WHAT THIS TASK INVOLVES: Start at the line holding "2岁幼童颅内插入筷子险丧命！家里这6类不起眼的东西，千万让娃远离！". Write out that line and each one after it to the end of the data, unchanged.

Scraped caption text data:
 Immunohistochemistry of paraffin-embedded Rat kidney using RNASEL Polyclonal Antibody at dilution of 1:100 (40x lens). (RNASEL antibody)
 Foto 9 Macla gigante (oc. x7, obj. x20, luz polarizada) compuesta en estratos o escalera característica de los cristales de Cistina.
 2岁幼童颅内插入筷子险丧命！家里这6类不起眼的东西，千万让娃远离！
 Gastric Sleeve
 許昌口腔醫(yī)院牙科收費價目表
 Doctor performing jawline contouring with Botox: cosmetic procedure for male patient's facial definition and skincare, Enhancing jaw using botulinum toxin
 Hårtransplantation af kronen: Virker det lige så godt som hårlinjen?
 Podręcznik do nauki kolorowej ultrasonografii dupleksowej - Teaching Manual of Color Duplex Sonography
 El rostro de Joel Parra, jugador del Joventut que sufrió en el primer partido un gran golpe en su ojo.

YOUR RESPONSE:
 2岁幼童颅内插入筷子险丧命！家里这6类不起眼的东西，千万让娃远离！
 Gastric Sleeve
 許昌口腔醫(yī)院牙科收費價目表
 Doctor performing jawline contouring with Botox: cosmetic procedure for male patient's facial definition and skincare, Enhancing jaw using botulinum toxin
 Hårtransplantation af kronen: Virker det lige så godt som hårlinjen?
 Podręcznik do nauki kolorowej ultrasonografii dupleksowej - Teaching Manual of Color Duplex Sonography
 El rostro de Joel Parra, jugador del Joventut que sufrió en el primer partido un gran golpe en su ojo.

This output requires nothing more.